14

I have a commercial Java application which I will be distributing.

I want to use an LGPL'd java library. I wont be modifying the library. Does the LGPL license of that library have any impact on my application's license?

pdeva
  • 43,605
  • 46
  • 133
  • 171
  • 6
    I'm voting to close this question as off-topic because it is about licensing or legal issues, not programming or software development. [See here](http://meta.stackoverflow.com/questions/274963/questions-about-licensing/274964#274964) for details, and the [help] for more. – JasonMArcher Jun 03 '15 at 03:51

4 Answers4

14

Yes, it does to a certain degree. You are e.g required to allow people to upgrade the LGPL'd library without your help. I suggest reading through the whole license yourself, as you're legally obligated to adhere to it's clauses. Know what you oblige yourself to, don't just take other people's words for it :)

kusma
  • 6,516
  • 2
  • 22
  • 26
6

As far as I understand the LGPL, no, you can distribute it however you like. You will only be linking to the library, not creating a derivative work, and the LGPL doesn't restrict linking.

EMP
  • 59,148
  • 53
  • 164
  • 220
5

There is no impact on your application.

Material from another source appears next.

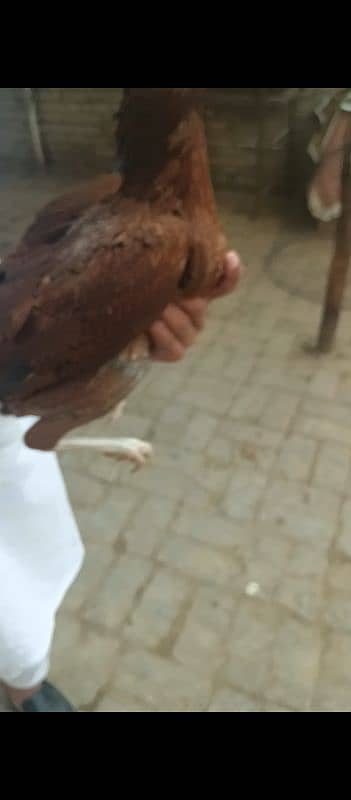 2 aseel hens and 2 aseel murgas 2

LGPL license allows inclusion in commercial application as long as the terms of the license are fulfilled (LGPL license text in the distribution, indication of the use of the library, etc).

Laurent Etiemble
  • 27,111
  • 5
  • 56
  • 81
3

My guess is that as long as your linking is dynamic (i.e. dynamic loading of the .dll/.so/.a/.class/whatever file at runtime), you're OK. If you statically compile your code to include the library, you're at risk of violating the license, depending on how your code is structured.

If it's Java, however, you can not link statically - it's an impossibility of the platform.